## Information given
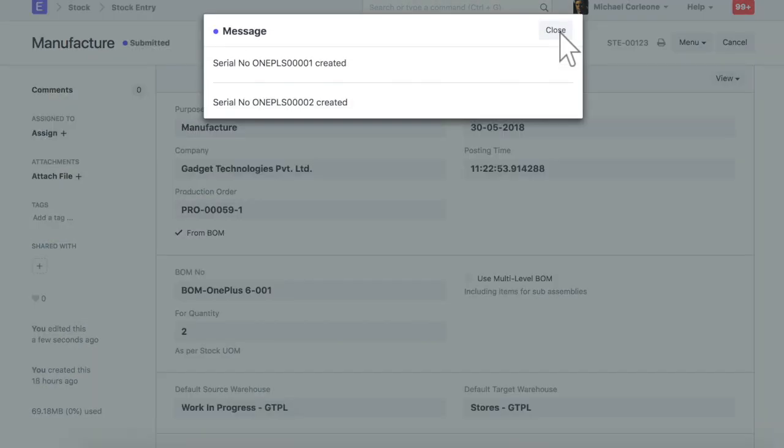On submission of manufacture entry, serial numbers are created based on naming series defined in the item master.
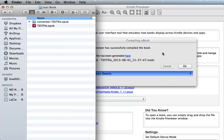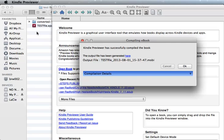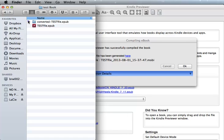Once the file is generated, it states the output file has been generated here, which is a clickable link to the location of your Mobi file. The file that is generated is located in the same place where your original EPUB file is.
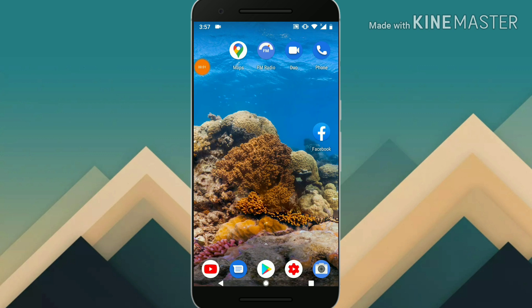Hello guys, this is Troy Stanley at TS Tech Talks. Welcome to today's edition of the Facebook page tutorial.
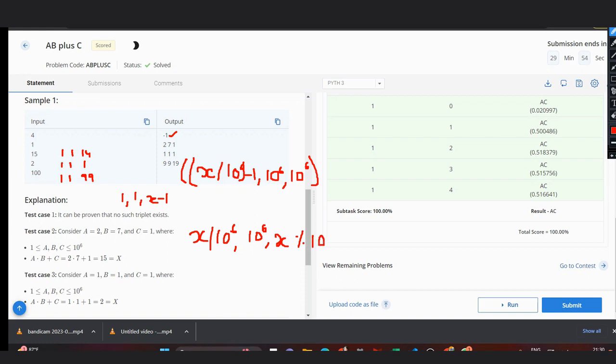Hence these are the three cases, and if these three cases are not satisfied we can return minus one. So our base case is if x equals one, we simply return minus one. After submitting the code, we can see all test cases passed with a total score of 100%. Hope you guys understand this solution.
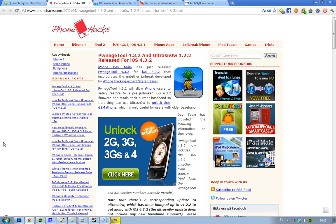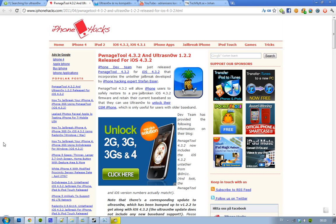Also, it's good for this Pawnage Tool 4.3.2 released by iPhone dev team. It's awesome for people with older baseband because this will allow them to safely restore to pre-jailbroken iOS 4.2 device or firmware and continue to have their current basebands. So that is kind of sweet.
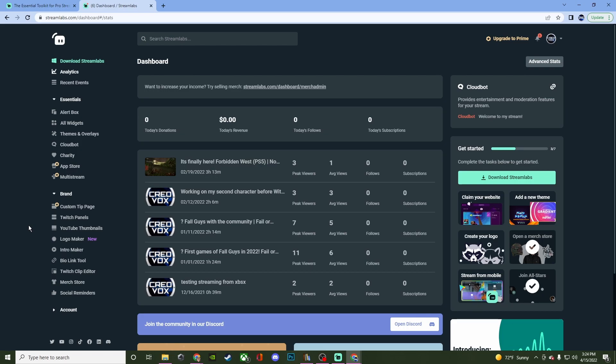There's some stuff that's not on the Streamlabs software, like having the Twitch panels, the YouTube thumbnails, the logo maker. A lot of the stuff in the branding isn't going to be there. So it is good to still come to the dashboard to access these things.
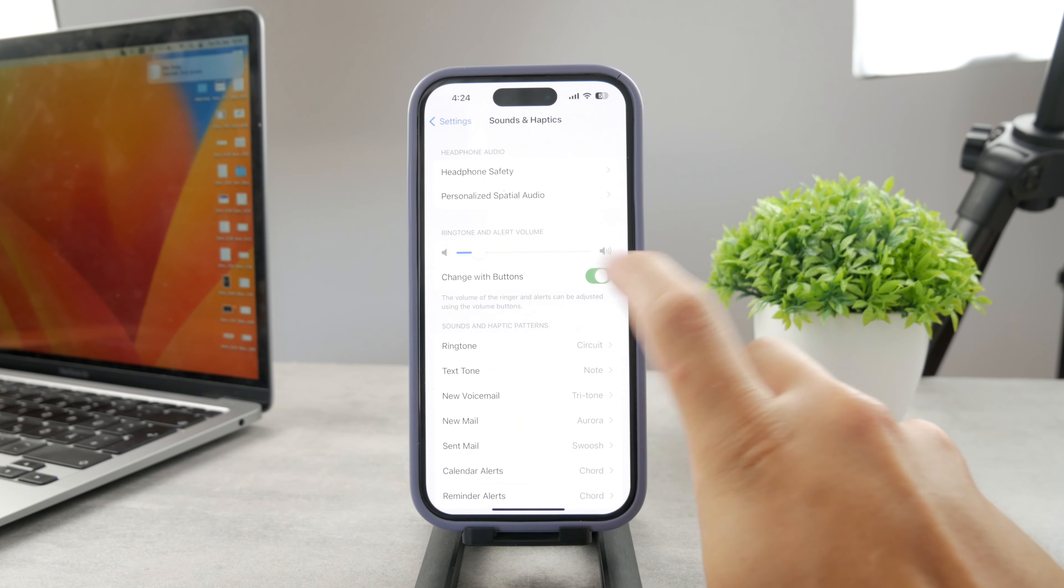But the option under it is called Attention Aware Features. And this basically means, as the little description says, iPhone will check for attention before dimming the display, expanding your notification when locked, or lowering the volume of some alerts, which, as you can guess, includes the ringtones.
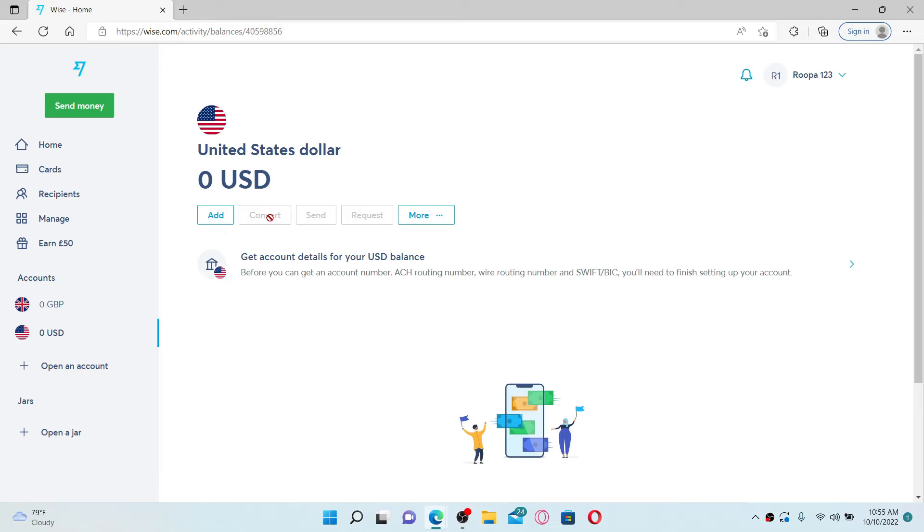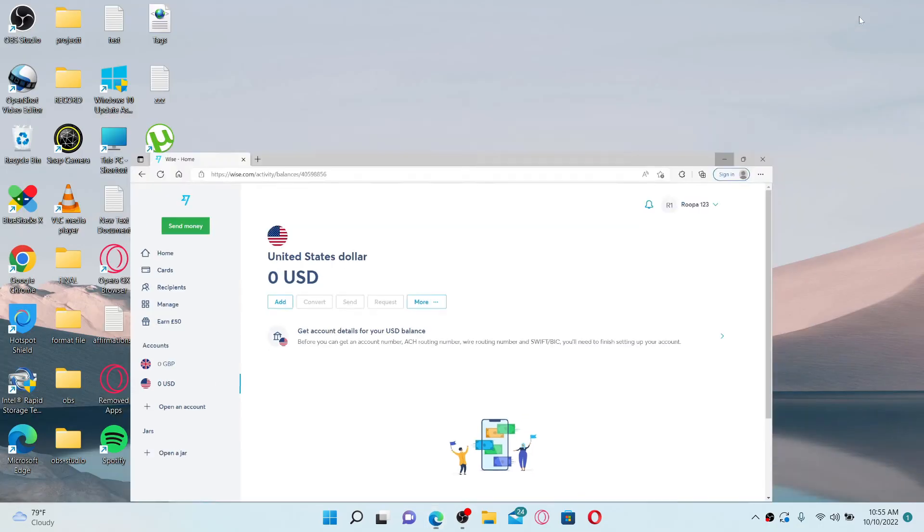Simply confirm and review the conversion, and that's how it can be done. I hope you learned how to easily convert currency on your Wise.com account.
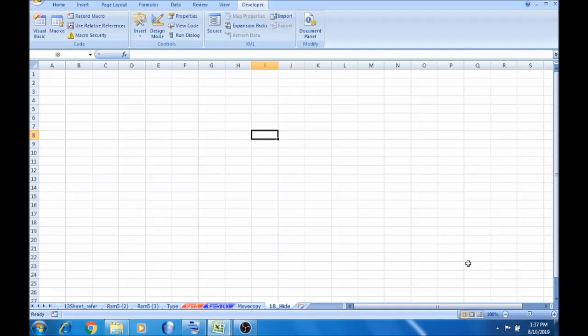We are going to show you two things in this video. First, one sheet is hiding. Next, we will show you password. First, the sheet is in Excel.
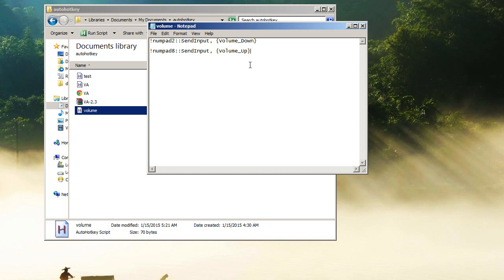And numpad 8, pretty much the same thing. You press 8 on the numpad and it's going to bring the volume back up another 2 percent. Really useful, works whenever I'm in a game and everything gets too loud, or I'm just watching a video. It's great.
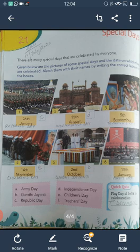The second one is 15 August — write D, Independence Day. Third point is 5 September — write F in the space provided, and 5 September is celebrated as Teacher's Day. The next one, the fourth point, is 14th November — write E in front of 14th November, and the occasion is Children's Day. Fifth one is 2nd October — write B in front of 2nd October, and the name is Gandhi Jayanti, celebrated on 2nd October.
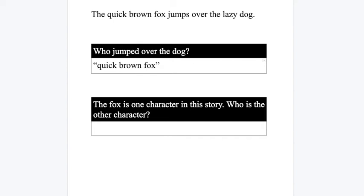Okay let's review one more time, I'm going to go on to the next question so hold on tight. The fox is one character in the story, who is the other character? Well let's see, we've already talked about the quick brown fox jumps over the, oh look.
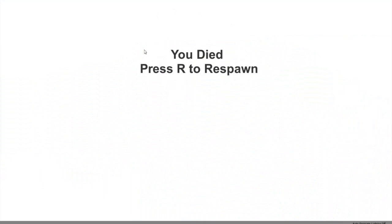I also added a respawn system which is pretty simple. When you die you just need to press R to respawn.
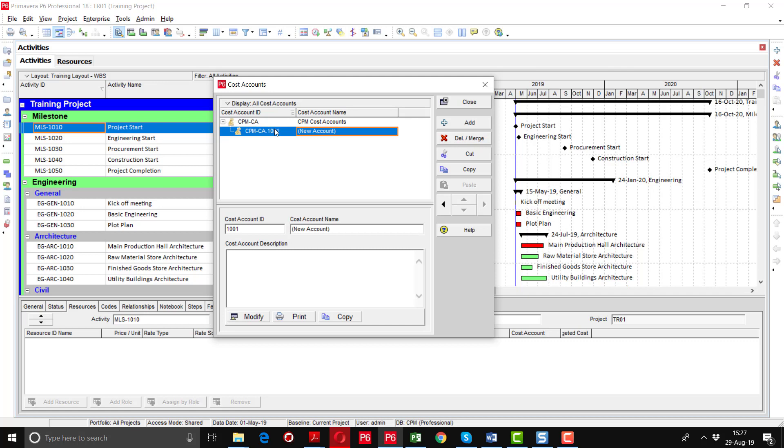You can define any specific and unique code account for the work. For example, I'm assigning 1001 to the design engineer. All cost and progress for this design engineer will be booked in this category under this code.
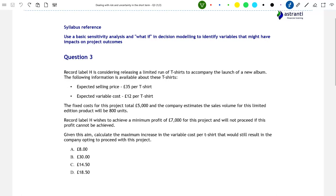For this question, our company is Record Label H. Record Label H is considering releasing a limited run of t-shirts to accompany the launch of a new album. The expected selling price of these t-shirts is £35 each, and the expected variable cost per t-shirt is £12. The total fixed costs for producing this run of t-shirts is £5,000, and Record Label H estimates that they will sell 800 t-shirts. The company wants to achieve a minimum profit of £7,000 on this t-shirt project; otherwise, it won't go ahead with it — it won't consider it worthwhile.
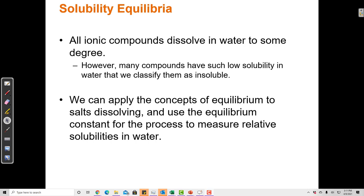Some compounds have such low solubility that it's difficult to even measure the ions that dissolve — even if it's only one in a trillion molecules dissolving, or even smaller. Since that is technically an equilibrium, we can apply the concepts of equilibrium to these compounds we would typically call insoluble.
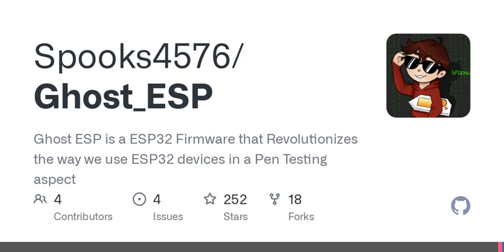Ghost ESP isn't just limited to Wi-Fi — it also packs a punch with BLE scanning capabilities. This means you can scan for BLE devices, including some pretty popular ones like AirTags and FlipperZeroes. And while the firmware is still in beta for certain functionalities, it's exciting to think about the future updates coming our way.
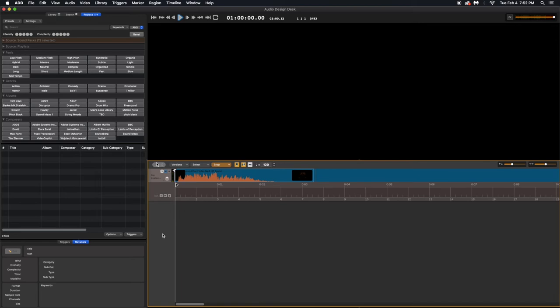Replacing sounds on Audio Design Desk can be a lot of fun and make your sonic creations easier to create. Thanks for watching.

## Problem requirements
Omit the pictures and output all remaining material exactly.

## Solution
On submission of manufacture entry, serial numbers are created based on naming series defined in the item master.
Once the file is generated, it states the output file has been generated here, which is a clickable link to the location of your Mobi file. The file that is generated is located in the same place where your original EPUB file is.
Hello guys, this is Troy Stanley at TS Tech Talks. Welcome to today's edition of the Facebook page tutorial.
Hence these are the three cases, and if these three cases are not satisfied we can return minus one. So our base case is if x equals one, we simply return minus one. After submitting the code, we can see all test cases passed with a total score of 100%. Hope you guys understand this solution.
Also, it's good for this Pawnage Tool 4.3.2 released by iPhone dev team. It's awesome for people with older baseband because this will allow them to safely restore to pre-jailbroken iOS 4.2 device or firmware and continue to have their current basebands. So that is kind of sweet.
There's some stuff that's not on the Streamlabs software, like having the Twitch panels, the YouTube thumbnails, the logo maker. A lot of the stuff in the branding isn't going to be there. So it is good to still come to the dashboard to access these things.
But the option under it is called Attention Aware Features. And this basically means, as the little description says, iPhone will check for attention before dimming the display, expanding your notification when locked, or lowering the volume of some alerts, which, as you can guess, includes the ringtones.
Simply confirm and review the conversion, and that's how it can be done. I hope you learned how to easily convert currency on your Wise.com account.
We are going to show you two things in this video. First, one sheet is hiding. Next, we will show you password. First, the sheet is in Excel.
And numpad 8, pretty much the same thing. You press 8 on the numpad and it's going to bring the volume back up another 2 percent. Really useful, works whenever I'm in a game and everything gets too loud, or I'm just watching a video. It's great.
The second one is 15 August — write D, Independence Day. Third point is 5 September — write F in the space provided, and 5 September is celebrated as Teacher's Day. The next one, the fourth point, is 14th November — write E in front of 14th November, and the occasion is Children's Day. Fifth one is 2nd October — write B in front of 2nd October, and the name is Gandhi Jayanti, celebrated on 2nd October.
Okay let's review one more time, I'm going to go on to the next question so hold on tight. The fox is one character in the story, who is the other character? Well let's see, we've already talked about the quick brown fox jumps over the, oh look.
I also added a respawn system which is pretty simple. When you die you just need to press R to respawn.
You can define any specific and unique code account for the work. For example, I'm assigning 1001 to the design engineer. All cost and progress for this design engineer will be booked in this category under this code.
For this question, our company is Record Label H. Record Label H is considering releasing a limited run of t-shirts to accompany the launch of a new album. The expected selling price of these t-shirts is £35 each, and the expected variable cost per t-shirt is £12. The total fixed costs for producing this run of t-shirts is £5,000, and Record Label H estimates that they will sell 800 t-shirts. The company wants to achieve a minimum profit of £7,000 on this t-shirt project; otherwise, it won't go ahead with it — it won't consider it worthwhile.
Some compounds have such low solubility that it's difficult to even measure the ions that dissolve — even if it's only one in a trillion molecules dissolving, or even smaller. Since that is technically an equilibrium, we can apply the concepts of equilibrium to these compounds we would typically call insoluble.
Ghost ESP isn't just limited to Wi-Fi — it also packs a punch with BLE scanning capabilities. This means you can scan for BLE devices, including some pretty popular ones like AirTags and FlipperZeroes. And while the firmware is still in beta for certain functionalities, it's exciting to think about the future updates coming our way.
Replacing sounds on Audio Design Desk can be a lot of fun and make your sonic creations easier to create. Thanks for watching.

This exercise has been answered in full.